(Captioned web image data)
┌────────

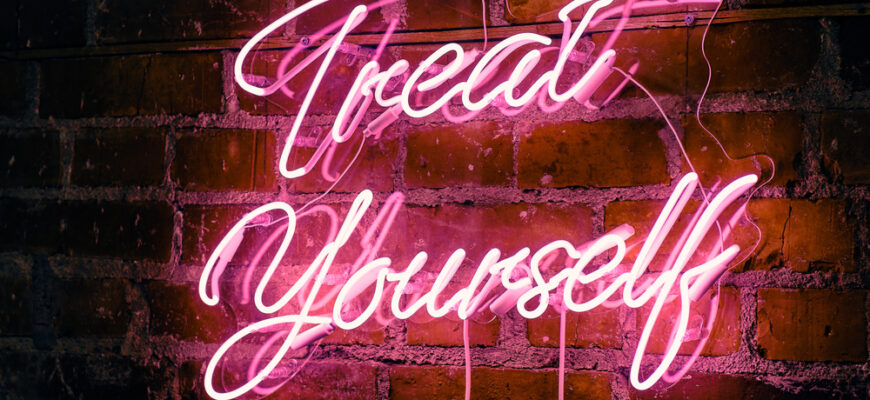 Pink,Neon,Treat,Yourself,Sign,On,Brick,Wall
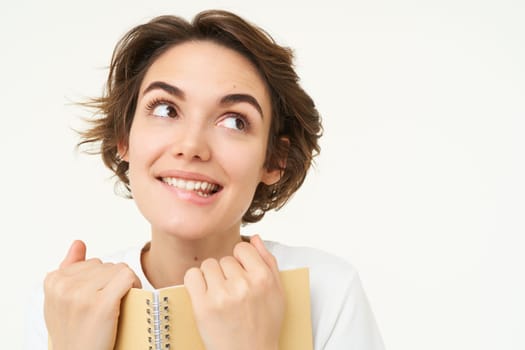 Portrait of happy woman with planner, holding notebook, reading notes and smiling, standing over white background.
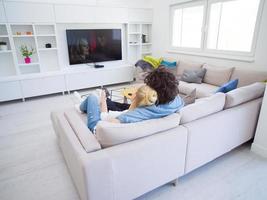 jong koppel op de bank televisie kijken foto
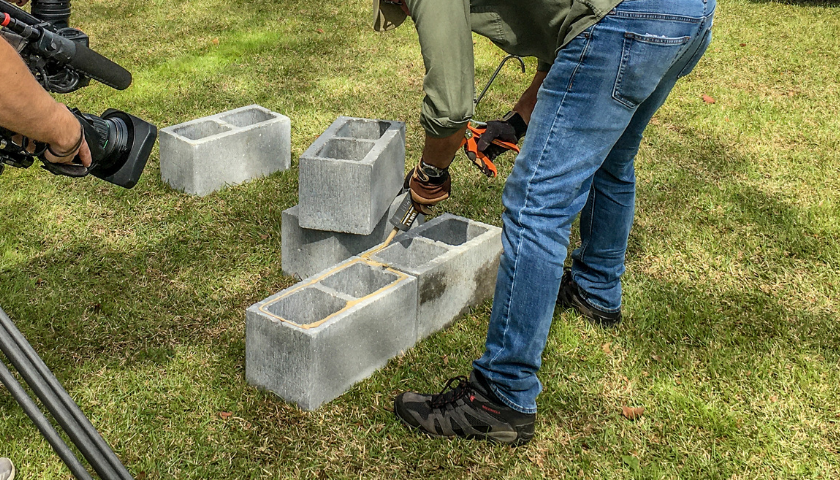 This image shows a person gluing concrete blocks together.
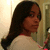 A person with long dark hair in a side ponytail wears a light-colored top, facing left then right across four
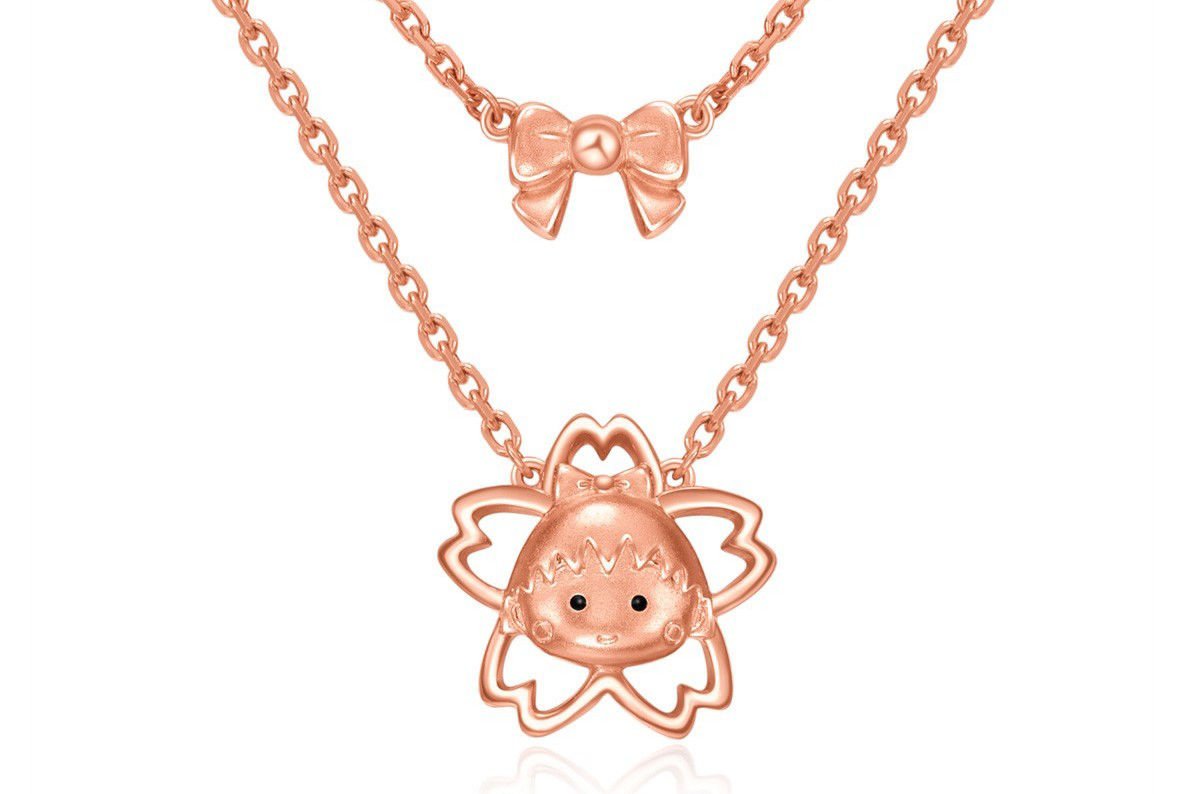 The rose gold double-layer necklace with adorable Japanese-style elements is both playful and sophisticated.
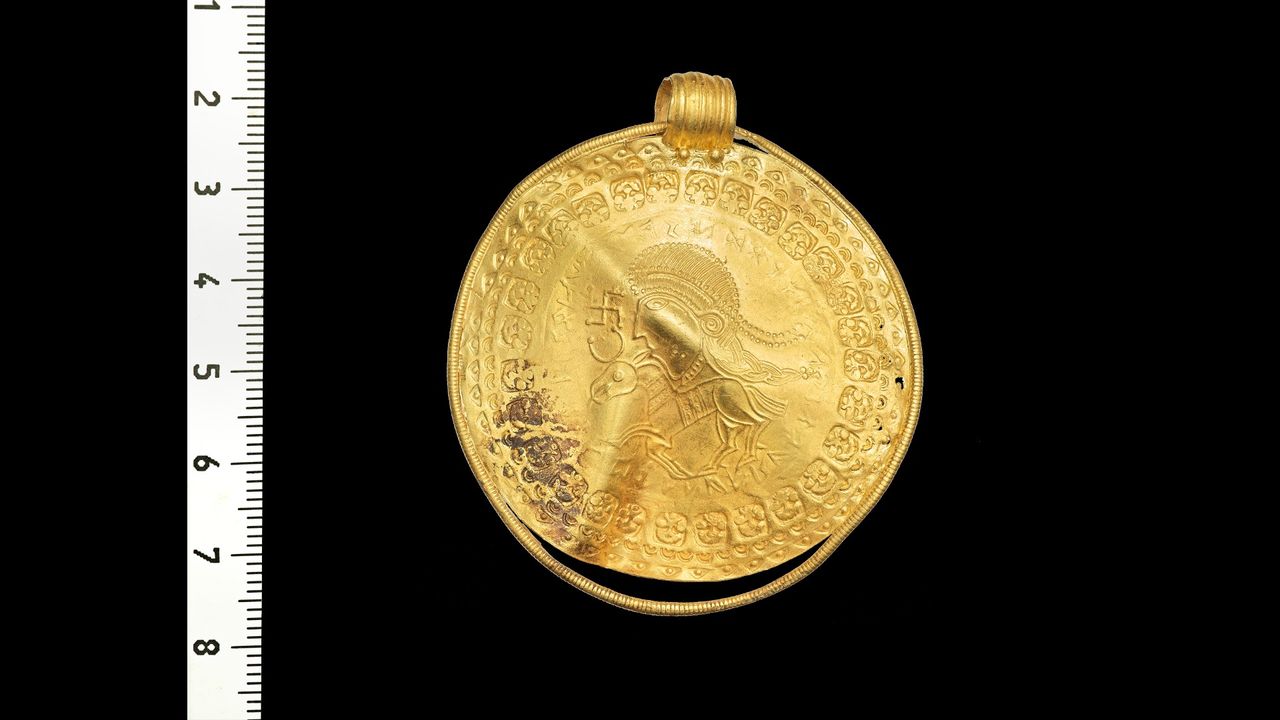 The bracteate &ndash; a pendant stamped on a thin piece of gold &ndash; features an inscription in runic letters that reads "He is Odin's man" in an early form of the Norse language.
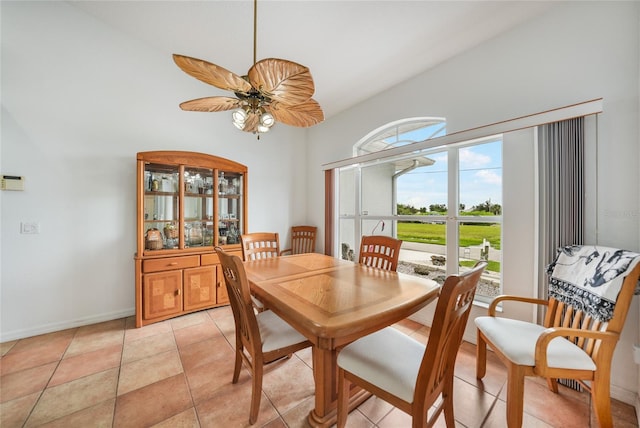 dining room with ceiling fan and light tile patterned flooring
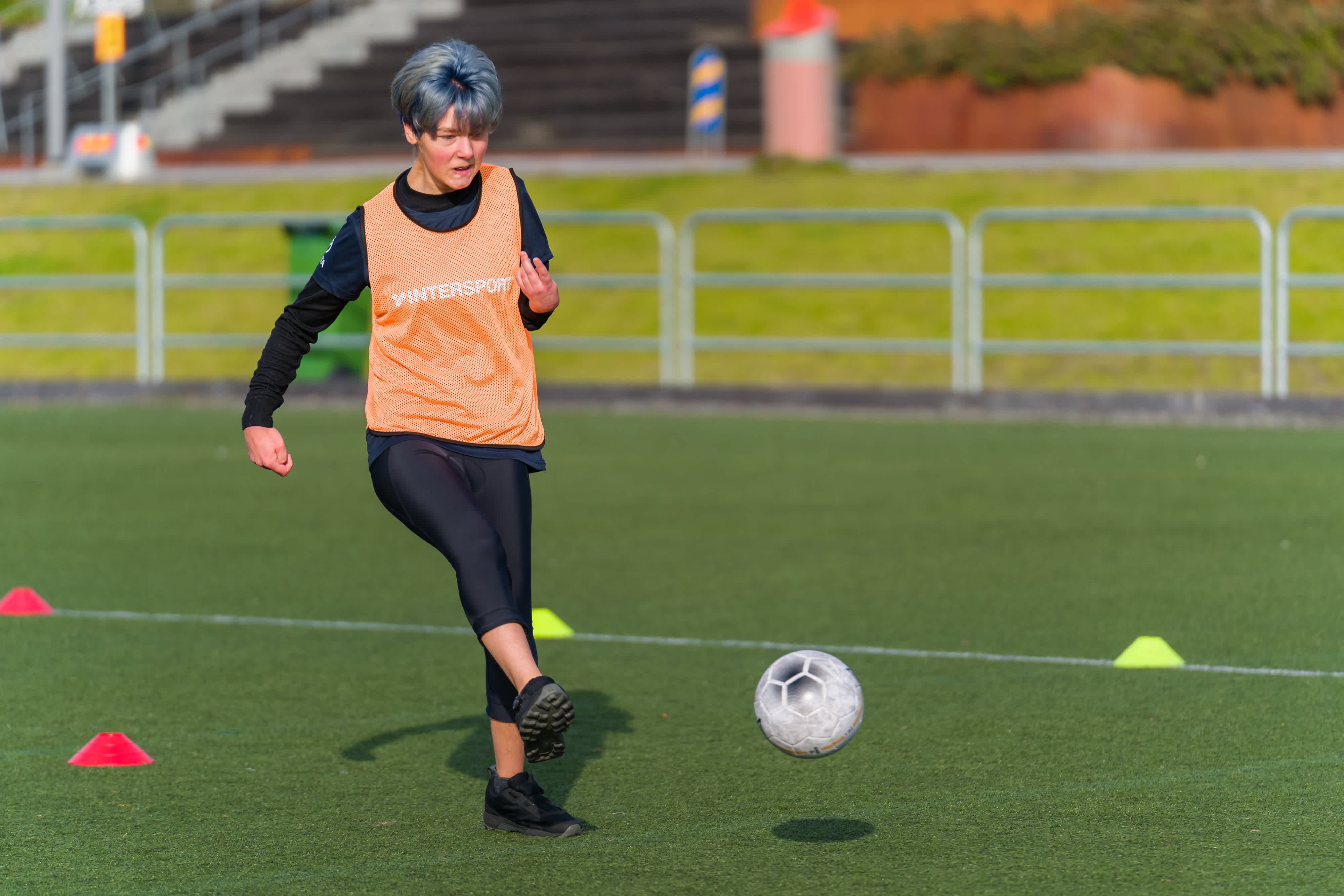 Ung kvinna på fotbollsplanen har precis skjutit iväg bollen.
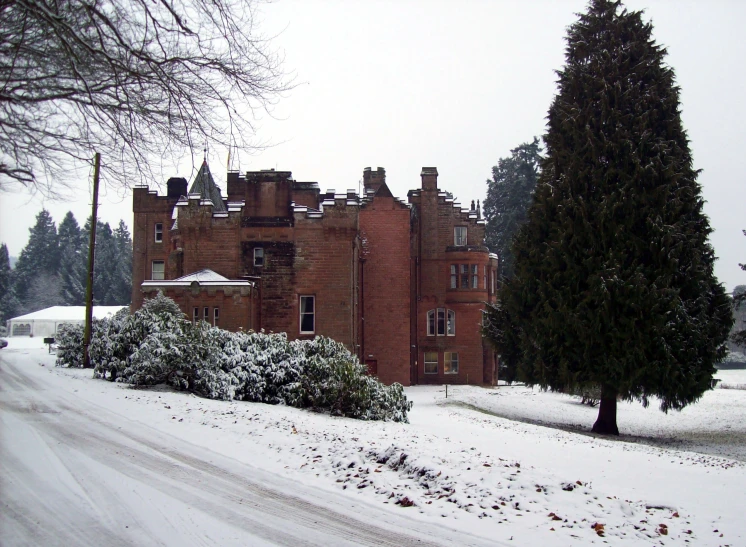 an old building that has snow on the ground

└────────

# Activity
In the records, the line containing "dining room with" starts the span and the final line ends it. Output exactly that span, both ends included, with no pictures and nothing else.

# Written answer
 dining room with ceiling fan and light tile patterned flooring
 Ung kvinna på fotbollsplanen har precis skjutit iväg bollen.
 an old building that has snow on the ground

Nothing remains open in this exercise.